In a new feature for the Tor UK blog, authors share their favorite scenes from film, TV, and books. The wonderful Brian Staveley, author of the David Gemmell Morningstar Award winner The Emperor’s Blades and its sequel The Providence of Fire, explains why one little drink in Clint Eastwood’s Unforgiven leads to so much trouble…
I was a sophomore in high school when I first saw Clint Eastwood’s Unforgiven. I hated it.
I’d been raised on HS&GS—Horse Shit and Gun Smoke, my dad’s acronym for Westerns—and I’d come to expect a few things out of a movie starring Eastwood. I expected him to grimace. I expected him to slouch indifferently in his saddle as he rode into town.
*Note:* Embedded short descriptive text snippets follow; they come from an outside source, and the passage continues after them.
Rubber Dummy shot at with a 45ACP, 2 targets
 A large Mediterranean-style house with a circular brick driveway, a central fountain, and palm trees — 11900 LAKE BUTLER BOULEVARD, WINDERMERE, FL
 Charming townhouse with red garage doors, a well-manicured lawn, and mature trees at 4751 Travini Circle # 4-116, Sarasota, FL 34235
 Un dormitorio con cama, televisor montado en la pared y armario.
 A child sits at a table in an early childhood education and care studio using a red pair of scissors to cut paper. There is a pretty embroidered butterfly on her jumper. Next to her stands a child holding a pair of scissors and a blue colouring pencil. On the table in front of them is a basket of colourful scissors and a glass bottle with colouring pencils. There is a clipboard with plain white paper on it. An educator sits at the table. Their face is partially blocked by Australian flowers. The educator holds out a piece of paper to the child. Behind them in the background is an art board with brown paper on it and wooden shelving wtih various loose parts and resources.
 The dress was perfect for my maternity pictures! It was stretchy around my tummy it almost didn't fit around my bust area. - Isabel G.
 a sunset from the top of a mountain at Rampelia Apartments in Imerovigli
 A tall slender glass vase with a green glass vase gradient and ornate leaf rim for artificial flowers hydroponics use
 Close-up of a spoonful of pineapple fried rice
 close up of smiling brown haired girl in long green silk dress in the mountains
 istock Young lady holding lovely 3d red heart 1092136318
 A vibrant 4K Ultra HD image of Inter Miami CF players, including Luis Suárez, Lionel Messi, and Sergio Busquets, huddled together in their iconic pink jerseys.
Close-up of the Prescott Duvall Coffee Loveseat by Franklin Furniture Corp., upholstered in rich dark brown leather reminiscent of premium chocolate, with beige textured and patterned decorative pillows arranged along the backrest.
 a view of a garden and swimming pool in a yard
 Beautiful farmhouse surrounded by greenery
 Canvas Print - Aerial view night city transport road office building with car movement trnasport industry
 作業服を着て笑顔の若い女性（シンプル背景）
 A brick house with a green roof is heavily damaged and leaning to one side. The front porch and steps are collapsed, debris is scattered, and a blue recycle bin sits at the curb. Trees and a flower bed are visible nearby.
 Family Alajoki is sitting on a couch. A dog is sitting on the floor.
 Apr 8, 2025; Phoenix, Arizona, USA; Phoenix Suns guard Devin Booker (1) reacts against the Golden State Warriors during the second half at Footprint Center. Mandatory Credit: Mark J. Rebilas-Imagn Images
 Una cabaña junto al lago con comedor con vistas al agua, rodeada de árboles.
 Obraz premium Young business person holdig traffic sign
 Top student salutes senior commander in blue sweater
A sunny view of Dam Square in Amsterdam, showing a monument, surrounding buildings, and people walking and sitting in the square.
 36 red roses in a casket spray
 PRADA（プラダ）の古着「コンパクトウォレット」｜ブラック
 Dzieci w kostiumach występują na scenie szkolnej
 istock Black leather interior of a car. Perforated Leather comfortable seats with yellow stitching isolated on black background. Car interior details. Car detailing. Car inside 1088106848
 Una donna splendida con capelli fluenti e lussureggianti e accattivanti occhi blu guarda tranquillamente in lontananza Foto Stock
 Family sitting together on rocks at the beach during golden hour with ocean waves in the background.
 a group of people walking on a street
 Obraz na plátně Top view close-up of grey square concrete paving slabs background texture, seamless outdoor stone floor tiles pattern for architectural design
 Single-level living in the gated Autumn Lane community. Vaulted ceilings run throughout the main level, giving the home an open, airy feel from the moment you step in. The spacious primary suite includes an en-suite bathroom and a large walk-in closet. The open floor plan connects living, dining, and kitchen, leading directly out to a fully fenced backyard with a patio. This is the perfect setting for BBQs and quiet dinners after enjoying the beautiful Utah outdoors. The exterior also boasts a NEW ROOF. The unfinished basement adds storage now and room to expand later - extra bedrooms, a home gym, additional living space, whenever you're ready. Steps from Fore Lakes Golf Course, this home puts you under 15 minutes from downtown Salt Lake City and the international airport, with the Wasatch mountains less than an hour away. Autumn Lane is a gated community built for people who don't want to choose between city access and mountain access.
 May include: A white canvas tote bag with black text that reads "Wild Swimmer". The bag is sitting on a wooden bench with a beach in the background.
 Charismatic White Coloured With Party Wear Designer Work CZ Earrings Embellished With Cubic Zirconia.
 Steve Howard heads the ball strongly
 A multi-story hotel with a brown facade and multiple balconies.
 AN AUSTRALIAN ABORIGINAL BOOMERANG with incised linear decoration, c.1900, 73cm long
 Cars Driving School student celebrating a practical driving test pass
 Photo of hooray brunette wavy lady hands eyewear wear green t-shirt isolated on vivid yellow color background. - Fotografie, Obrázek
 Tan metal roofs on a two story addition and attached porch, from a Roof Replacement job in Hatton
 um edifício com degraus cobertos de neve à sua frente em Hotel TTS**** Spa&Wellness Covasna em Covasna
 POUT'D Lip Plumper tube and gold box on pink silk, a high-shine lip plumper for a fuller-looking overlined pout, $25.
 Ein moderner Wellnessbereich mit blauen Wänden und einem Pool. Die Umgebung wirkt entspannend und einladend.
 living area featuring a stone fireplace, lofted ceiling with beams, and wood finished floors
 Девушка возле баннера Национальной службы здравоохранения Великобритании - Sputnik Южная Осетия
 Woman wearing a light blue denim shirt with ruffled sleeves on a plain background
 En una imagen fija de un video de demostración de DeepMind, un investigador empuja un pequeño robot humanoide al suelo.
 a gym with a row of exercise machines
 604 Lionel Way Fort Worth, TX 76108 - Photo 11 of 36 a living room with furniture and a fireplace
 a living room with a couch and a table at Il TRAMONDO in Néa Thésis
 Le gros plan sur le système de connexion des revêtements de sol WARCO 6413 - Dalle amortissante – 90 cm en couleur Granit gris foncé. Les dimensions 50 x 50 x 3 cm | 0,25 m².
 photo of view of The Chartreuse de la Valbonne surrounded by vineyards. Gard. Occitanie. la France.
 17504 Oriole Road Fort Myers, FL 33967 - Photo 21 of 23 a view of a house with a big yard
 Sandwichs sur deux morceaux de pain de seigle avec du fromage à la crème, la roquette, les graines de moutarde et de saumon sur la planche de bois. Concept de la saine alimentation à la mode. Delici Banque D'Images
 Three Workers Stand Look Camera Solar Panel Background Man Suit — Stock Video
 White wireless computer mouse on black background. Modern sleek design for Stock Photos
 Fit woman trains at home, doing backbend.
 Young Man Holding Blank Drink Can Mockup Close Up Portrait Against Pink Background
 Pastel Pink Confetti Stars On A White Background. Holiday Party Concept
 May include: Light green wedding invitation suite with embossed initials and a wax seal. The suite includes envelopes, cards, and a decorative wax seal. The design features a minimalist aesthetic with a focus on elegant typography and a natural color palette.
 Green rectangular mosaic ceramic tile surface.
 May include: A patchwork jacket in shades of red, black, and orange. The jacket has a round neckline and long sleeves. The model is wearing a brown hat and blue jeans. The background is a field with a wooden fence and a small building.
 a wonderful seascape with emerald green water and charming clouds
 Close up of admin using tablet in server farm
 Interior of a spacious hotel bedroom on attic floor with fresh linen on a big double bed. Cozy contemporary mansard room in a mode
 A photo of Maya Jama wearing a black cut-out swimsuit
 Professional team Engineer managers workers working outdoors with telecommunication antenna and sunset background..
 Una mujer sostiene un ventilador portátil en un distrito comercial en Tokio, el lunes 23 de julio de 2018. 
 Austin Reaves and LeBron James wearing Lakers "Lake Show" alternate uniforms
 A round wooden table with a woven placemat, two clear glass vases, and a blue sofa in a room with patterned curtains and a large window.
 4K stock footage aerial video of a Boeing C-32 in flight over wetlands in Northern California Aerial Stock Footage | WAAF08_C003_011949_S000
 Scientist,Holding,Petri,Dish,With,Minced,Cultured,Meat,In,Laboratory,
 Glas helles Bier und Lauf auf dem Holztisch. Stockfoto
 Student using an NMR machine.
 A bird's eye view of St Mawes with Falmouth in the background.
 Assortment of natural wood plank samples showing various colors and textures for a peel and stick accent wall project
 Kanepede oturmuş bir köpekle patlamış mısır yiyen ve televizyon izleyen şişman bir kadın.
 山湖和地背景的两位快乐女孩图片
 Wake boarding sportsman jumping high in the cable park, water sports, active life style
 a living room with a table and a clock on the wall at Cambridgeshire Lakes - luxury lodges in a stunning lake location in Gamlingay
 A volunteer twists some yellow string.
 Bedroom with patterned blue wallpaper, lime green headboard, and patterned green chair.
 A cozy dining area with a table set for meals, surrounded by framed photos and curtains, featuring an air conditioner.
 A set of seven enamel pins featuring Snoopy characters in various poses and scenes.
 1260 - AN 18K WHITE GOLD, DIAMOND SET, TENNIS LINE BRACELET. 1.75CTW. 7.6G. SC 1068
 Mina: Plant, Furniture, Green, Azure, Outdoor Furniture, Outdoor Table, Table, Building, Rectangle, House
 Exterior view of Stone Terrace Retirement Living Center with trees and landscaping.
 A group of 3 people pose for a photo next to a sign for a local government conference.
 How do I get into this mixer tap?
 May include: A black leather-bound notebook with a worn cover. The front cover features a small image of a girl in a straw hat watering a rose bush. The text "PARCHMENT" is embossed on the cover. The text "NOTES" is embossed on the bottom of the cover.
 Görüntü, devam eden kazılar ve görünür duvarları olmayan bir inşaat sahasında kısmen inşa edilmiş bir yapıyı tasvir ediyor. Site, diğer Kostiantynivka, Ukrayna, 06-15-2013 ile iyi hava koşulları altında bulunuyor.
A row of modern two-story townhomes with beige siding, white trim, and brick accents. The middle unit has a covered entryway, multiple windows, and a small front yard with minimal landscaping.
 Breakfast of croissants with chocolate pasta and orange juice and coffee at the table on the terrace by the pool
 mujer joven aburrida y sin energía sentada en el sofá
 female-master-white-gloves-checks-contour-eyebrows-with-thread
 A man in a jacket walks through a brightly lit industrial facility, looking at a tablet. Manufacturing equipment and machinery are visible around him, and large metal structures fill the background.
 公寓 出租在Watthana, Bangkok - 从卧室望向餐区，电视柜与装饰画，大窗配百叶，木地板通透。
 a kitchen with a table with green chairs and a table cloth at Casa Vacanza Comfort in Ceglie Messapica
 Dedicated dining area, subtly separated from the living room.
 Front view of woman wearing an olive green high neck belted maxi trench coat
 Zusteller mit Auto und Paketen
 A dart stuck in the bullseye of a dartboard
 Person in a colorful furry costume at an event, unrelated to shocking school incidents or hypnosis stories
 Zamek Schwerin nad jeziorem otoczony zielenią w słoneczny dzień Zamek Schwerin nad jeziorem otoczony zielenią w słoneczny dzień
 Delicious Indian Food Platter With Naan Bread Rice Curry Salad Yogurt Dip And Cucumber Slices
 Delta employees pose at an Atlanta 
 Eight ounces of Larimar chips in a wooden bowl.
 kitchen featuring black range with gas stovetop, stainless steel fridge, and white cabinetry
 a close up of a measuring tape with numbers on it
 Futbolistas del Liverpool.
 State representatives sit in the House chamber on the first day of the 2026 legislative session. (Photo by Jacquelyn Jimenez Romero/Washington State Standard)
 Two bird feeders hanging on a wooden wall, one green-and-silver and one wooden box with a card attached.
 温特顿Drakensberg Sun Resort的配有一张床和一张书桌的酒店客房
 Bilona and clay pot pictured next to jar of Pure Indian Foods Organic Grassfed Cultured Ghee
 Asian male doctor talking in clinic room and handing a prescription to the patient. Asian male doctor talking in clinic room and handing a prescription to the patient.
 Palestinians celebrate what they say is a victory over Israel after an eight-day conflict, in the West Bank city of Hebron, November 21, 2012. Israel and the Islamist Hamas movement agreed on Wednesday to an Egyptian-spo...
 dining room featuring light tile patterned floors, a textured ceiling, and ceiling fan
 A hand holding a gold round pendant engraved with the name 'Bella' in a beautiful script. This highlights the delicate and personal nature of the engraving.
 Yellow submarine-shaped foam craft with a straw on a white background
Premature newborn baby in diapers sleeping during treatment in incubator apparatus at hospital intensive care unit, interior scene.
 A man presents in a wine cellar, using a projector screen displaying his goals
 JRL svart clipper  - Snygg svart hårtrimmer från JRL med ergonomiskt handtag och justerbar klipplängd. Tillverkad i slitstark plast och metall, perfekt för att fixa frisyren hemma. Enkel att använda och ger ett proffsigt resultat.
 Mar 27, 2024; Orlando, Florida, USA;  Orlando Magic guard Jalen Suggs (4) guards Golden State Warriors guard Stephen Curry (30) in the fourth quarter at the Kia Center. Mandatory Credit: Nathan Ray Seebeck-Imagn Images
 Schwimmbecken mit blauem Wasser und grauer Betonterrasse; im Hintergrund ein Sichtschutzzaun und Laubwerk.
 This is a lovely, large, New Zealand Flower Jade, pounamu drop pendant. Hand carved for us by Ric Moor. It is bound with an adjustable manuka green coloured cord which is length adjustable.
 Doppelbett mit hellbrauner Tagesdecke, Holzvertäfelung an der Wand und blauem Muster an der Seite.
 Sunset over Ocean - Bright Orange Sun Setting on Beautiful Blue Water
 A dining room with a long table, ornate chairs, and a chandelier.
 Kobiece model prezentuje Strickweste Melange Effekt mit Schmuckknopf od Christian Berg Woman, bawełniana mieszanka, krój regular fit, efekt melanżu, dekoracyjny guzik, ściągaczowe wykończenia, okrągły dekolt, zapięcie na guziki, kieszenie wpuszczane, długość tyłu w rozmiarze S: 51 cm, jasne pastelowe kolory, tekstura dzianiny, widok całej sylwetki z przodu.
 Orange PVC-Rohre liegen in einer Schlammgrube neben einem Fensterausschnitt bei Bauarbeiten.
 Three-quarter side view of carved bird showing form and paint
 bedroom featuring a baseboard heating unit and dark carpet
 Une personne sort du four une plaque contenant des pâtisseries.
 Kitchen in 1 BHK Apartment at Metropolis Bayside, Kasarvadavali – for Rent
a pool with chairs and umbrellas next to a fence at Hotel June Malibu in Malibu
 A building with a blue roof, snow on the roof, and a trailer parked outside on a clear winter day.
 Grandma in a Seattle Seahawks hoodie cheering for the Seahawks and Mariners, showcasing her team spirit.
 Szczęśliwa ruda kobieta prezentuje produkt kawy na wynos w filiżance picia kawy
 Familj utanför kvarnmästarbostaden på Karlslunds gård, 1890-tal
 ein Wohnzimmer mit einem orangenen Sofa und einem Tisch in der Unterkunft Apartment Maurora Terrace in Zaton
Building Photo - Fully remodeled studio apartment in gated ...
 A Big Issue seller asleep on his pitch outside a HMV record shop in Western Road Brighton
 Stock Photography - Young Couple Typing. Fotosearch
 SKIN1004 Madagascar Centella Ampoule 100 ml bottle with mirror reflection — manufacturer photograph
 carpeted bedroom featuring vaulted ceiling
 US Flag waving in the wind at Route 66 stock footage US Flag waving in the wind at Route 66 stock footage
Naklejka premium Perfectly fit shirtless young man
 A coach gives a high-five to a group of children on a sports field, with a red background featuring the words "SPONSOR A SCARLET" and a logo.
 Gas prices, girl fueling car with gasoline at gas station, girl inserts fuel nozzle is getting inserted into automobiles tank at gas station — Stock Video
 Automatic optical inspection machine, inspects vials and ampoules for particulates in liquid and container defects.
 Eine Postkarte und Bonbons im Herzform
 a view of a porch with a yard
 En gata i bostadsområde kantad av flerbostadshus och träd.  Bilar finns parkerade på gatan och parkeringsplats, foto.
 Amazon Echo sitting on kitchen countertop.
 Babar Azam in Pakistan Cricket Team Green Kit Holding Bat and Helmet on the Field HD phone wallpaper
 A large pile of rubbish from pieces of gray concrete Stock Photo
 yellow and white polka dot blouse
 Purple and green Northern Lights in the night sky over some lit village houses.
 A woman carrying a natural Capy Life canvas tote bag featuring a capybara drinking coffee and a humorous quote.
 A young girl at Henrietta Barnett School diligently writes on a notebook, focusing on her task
And, more than anything, I expected him to kick ass.
In the opening scenes of Unforgiven, however, Eastwood’s character—William Munny—can’t shoot a can off a post at twenty paces. He’s a tired, over-the-hill gunslinger, a man who’s lost his will, nerve, and savagery, an outlaw turned pig farmer who falls in the mud whenever he tries to catch a pig. There are hints and intimations that he used to be dangerous, deadly, terrifying—especially when he was drunk, which used to be all the time—but by the time the movie starts, he’s sworn off both violence and whisky. He’s desperate for money—needs to take care of his two kids—and so he reluctantly accepts One Last Job. It seems unlikely that he’ll succeed at it. In fact, he doesn’t seem likely to succeed at anything. For the first four-fifths of the movie he looks, moves, and talks like a busted up old man. As a high school sophomore, I wanted nothing more than for him to get over it, to get his act together and start shooting people. That’s what I was there for!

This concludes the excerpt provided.